What you will do ▸ Give back, word for word, the lines in the listing below from the one holding "物件内観写真17　(居室)" down to the one holding "Express Women’s jeans", both ends included.

===== Extracted entries

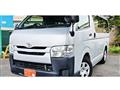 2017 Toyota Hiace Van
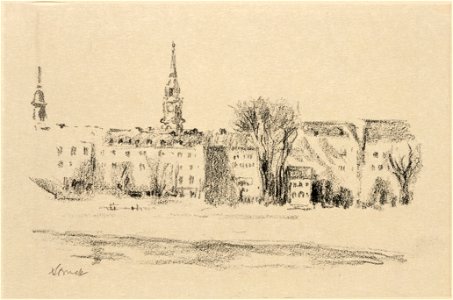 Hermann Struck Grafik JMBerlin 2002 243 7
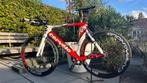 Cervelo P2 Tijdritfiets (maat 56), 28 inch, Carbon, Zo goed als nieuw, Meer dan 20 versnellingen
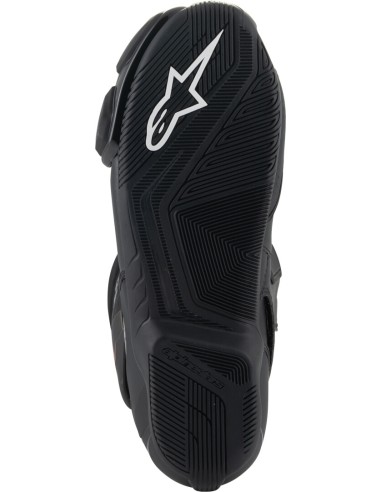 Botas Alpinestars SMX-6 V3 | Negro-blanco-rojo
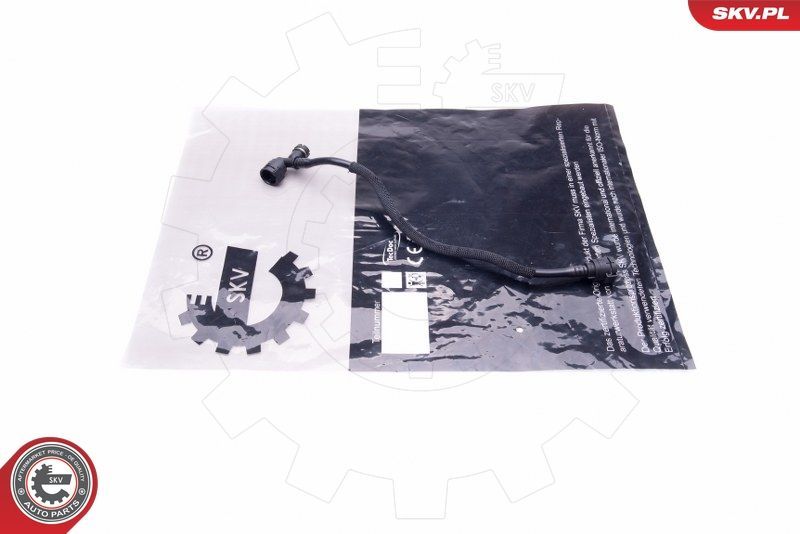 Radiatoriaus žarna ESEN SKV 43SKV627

==========
===== Extracted entries

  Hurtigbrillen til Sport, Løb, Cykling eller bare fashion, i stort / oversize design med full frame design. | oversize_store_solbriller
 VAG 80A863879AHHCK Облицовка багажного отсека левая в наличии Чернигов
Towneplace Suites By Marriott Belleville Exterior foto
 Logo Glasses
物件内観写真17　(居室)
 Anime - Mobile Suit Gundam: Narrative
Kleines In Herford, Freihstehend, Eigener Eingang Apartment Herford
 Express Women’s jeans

==========
===== Extracted entries

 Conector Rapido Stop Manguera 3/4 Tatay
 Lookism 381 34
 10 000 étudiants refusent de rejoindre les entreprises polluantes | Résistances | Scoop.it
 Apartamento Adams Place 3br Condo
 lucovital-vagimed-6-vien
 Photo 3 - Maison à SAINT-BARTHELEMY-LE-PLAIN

==========

Response to this task ▸
物件内観写真17　(居室)
 Anime - Mobile Suit Gundam: Narrative
Kleines In Herford, Freihstehend, Eigener Eingang Apartment Herford
 Express Women’s jeans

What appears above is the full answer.